At Greater Tunb a misunderstanding between the English commander of the police station and some Iraqi elements there resulted in shooting between them. In a swift response, the Iranian naval vessel that had just arrived to hoist Iranian flag there arrested those involved and sent them back to Ras al-Kheimah. Clearly the attempt by Abu Dhabi in portraying this local incident at Greater Tunb and the official welcome extended to the Iranian representatives at Abu Musa as Iran's military occupation of the three islands will demonstrate the falsehood nature of its claims on these islands.
5- Finally, the European Union aught to know that no country is under obligation to refer to international judicial arbitration a territorial claim by another country which is based on lack of awareness of and respect for international laws and regulations.

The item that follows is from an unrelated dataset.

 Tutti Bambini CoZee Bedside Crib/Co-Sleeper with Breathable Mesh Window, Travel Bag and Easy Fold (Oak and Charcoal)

Your Excellency, considering all the above and those in the attached text I see no alternative but to declare that any recognition of these falsehood by the European Union as "territorial disputes" between Iran and the UAE will render the EU interference in the issue of Abu Dhabi's territorial agitation against Iran illegal and out of order. By launching an armed assault on an Iranian boat in the territorial waters of Abu Musa Island under joint Iranian-Sharjah sovereignty and by detaining its crew on Saturday 6 June 2004, Abu Dhabi has brought into open its old hidden agenda of military adventurism against Iran's territorial rights, ultimately aimed at overthrowing the vital Arab-Iranian cooperation for peace and security of the Persian Gulf. To be able to arrive at this contemptible juncture the Al Nahyan leaders of Abu Dhabi have managed to secure the indirect endorsement of the EU and GCC leaders with the help of Mr. al-Atiyah for its territorial agitations from the European Union in the form of the EU - GCC resolution of 19 May 2004. For too long the Al Nahyan regime in Abu Dhabi, formerly supported by the Baath regime of Iraq, had been contemplating to prevent expansion of Arab-Iranian cooperation for the safeguarding of peace and security in the Persian Gulf which has come about as a result of joint efforts by Tehran and Riyadh with active participation of Oman, Kuwait, Qatar and Bahrain. Now, it seems that by skillfully drawing the politicians in both European Union and GCC into providing Abu Dhabi with the desired endorsement of intended political adventurism, the Al-Nahyan launched their first armed adventure on 3rd June 2004 and/thus brought into open their true intentions.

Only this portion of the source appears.